By the way, I also learnt that kissing toads doesn't turn them into Princes, and become outraged when somebody insults a dress that I have made.
lianoid chapter 1 . 3/20/2011
I love the opening of this piece. I was wondering at the narrative for a moment, because although it was solid, it wasn't as eloquent as your normal writing, but once I read a bit more, I understood the style and it definitely suited the narrative.

I think this is incredibly hilarious and clever. Your use of the prompt was one of my favourites for February's WCC and it really made it stand out.

Anyway, fifteen years passed, and then a little more, and little Onella grew tall.

-XD I love the flow of this piece. A lot of the sentences are short, which moves things along nicely, but it also works incredibly well with the tone and the reader-writer dialogue going on between the narrative. This is so creative, Sophie! It's wonderful.

This is a nice light story with a sort of fairy tale feel to it, but you make it original simply by playing with the narrative and it makes the reading engaging. :D

Love the ending. I'm glad the Reader got their way and things ended on a high note. I didn't expect it to end in blood and tears, but you still managed to keep things unpredictable in regards to specifics.

This is such a fun piece, Sophie! Brilliant work with this one, and with all your writings, of course. Review on behalf of The Review Game’s Review Marathon. Link’s on my profile for further details.
dx713 chapter 1 . 3/5/2011
The end made me smile. I had seen it coming, but the light tone and reference to the reader was a good read.

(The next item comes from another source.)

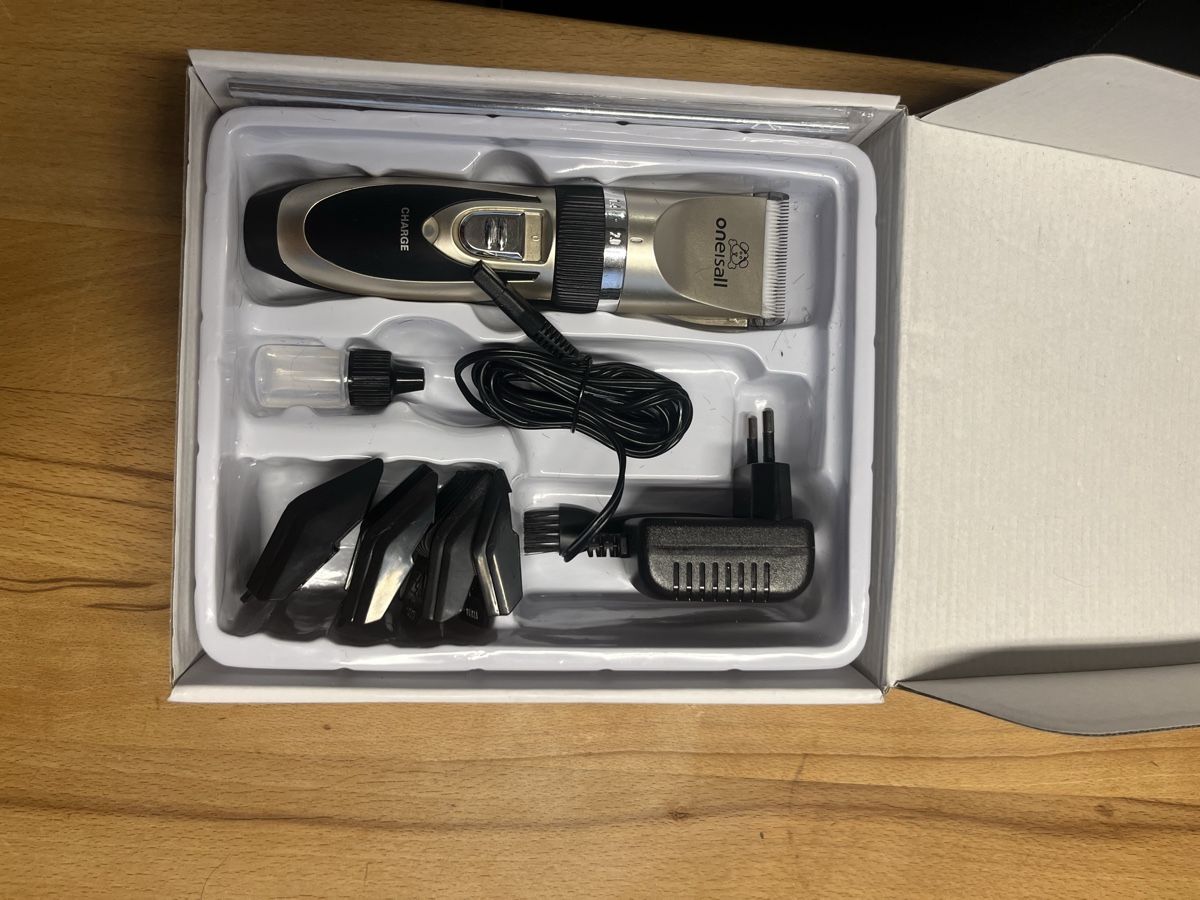 Prodotti per la cura & articoli per la pulizia: Pet electric clipper – Usato da Wettswil venduto da muminimu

The beginning was nice too. The surprise of having the reader onboard was a good one, I had first interpreted the first Ew as a character's. And I like your descriptions in the first sentences.

Maybe the part with the maid was a bit longish. I felt more annoyed than moved by her pleading. I would have understood the duke being turned by the baby alone more easily. Although the part about the soul was good: this kind of principle works well within this kind of tale.

A good one, overall.
lipleaf chapter 1 . 2/26/2011
WCC review. :]

Opening- This was probably my favorite bit. I actually felt uncertain about what the Duke would do. The succinct style and quick pacing drew me in- it was a good choice to start in the middle of the story, with the death of the family. It throws the reader into the middle of the action.

Plot- I'm a bit conflicted about my feelings on the storyline. On one hand, I like the way you twisted the story around from typical fairytales and brought it around to the same conclusion. It was quite interesting to see the way things developed- sending the son of the royal family's murderer to kill the princess was definitely a good twist. On the other hand, like you said, the conclusion was cliche and I feel like the anti-fairytale itself is becoming a bit overused. But the execution was great, and overall I feel that it was pretty original.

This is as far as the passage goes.